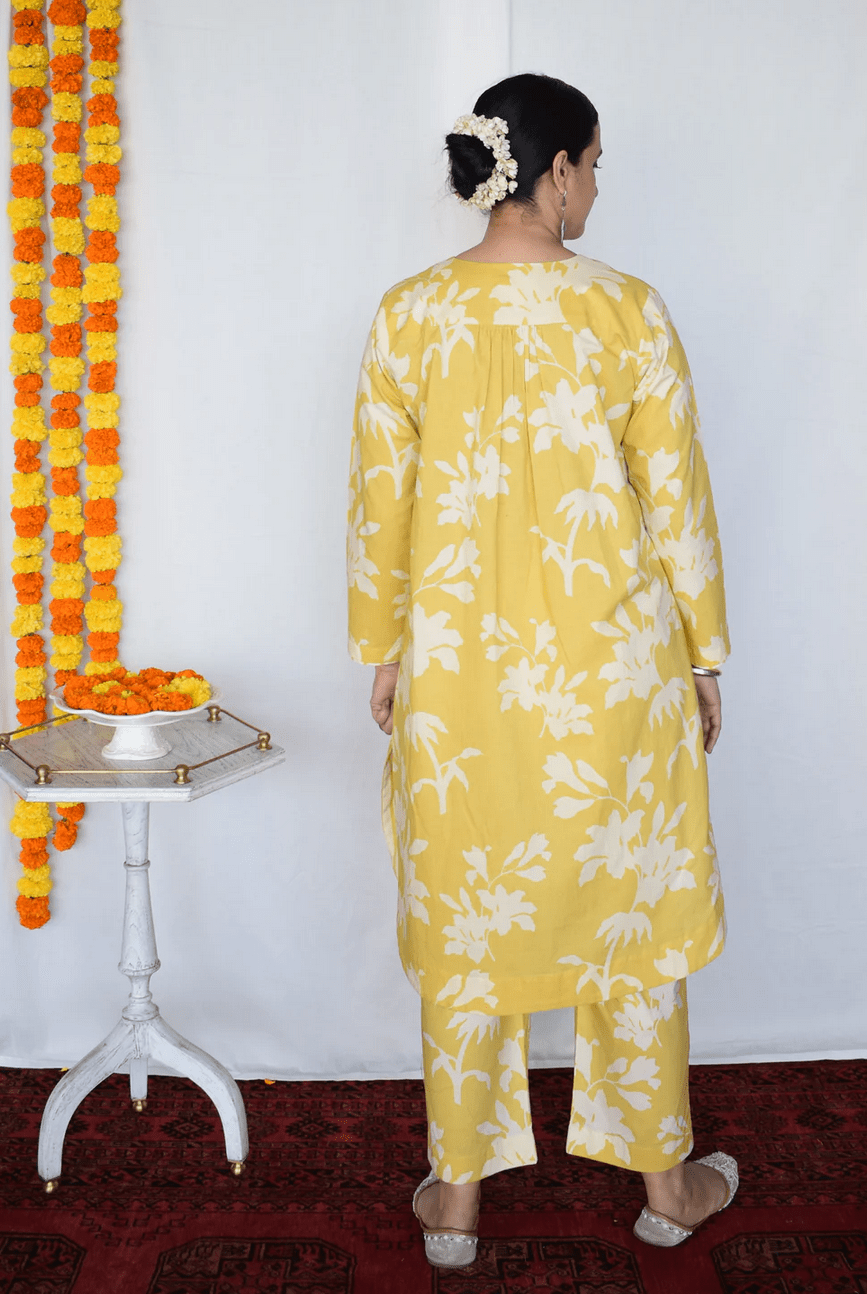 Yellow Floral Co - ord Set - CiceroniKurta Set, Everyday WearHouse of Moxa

---

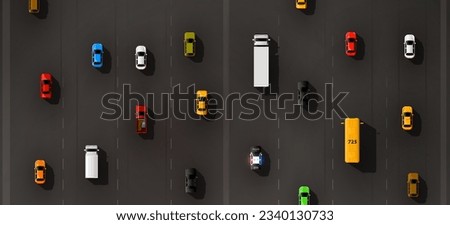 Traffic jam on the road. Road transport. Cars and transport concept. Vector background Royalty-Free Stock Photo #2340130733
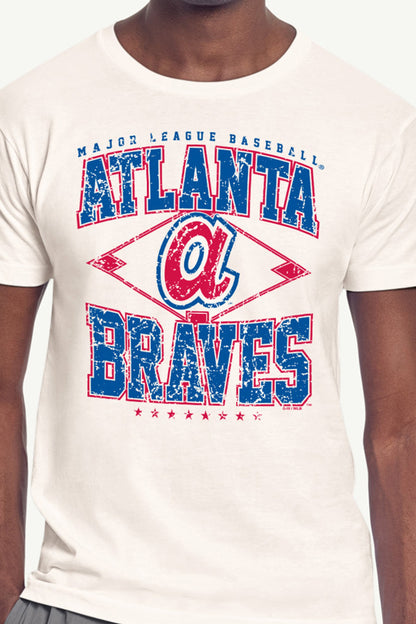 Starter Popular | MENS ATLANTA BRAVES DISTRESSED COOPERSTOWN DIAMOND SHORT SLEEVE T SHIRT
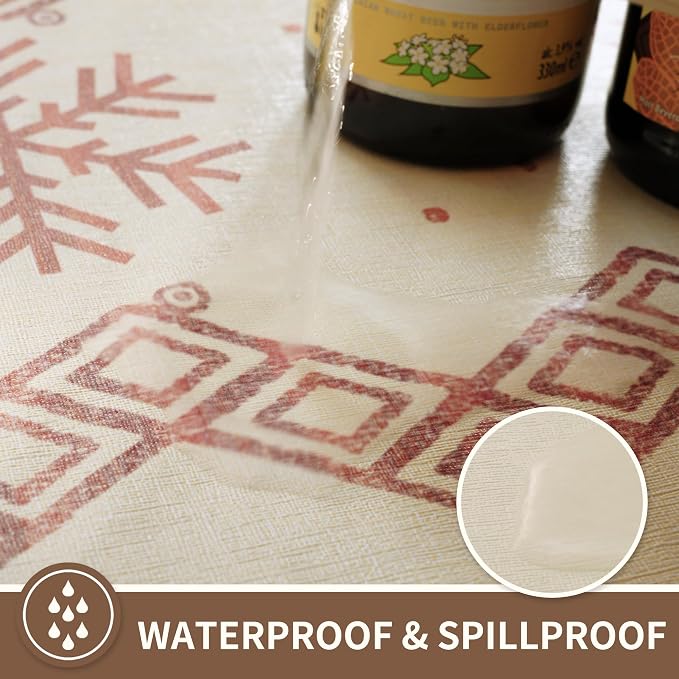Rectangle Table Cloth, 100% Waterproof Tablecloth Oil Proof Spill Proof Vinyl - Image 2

- [Problem]: Exact copy, pictures excluded: from the line with "Starter Popular |" up to and including the line with "Rectangle Table Cloth, 100%" in the data above.

- [Exercise result]:
 Starter Popular | MENS ATLANTA BRAVES DISTRESSED COOPERSTOWN DIAMOND SHORT SLEEVE T SHIRT
Rectangle Table Cloth, 100% Waterproof Tablecloth Oil Proof Spill Proof Vinyl - Image 2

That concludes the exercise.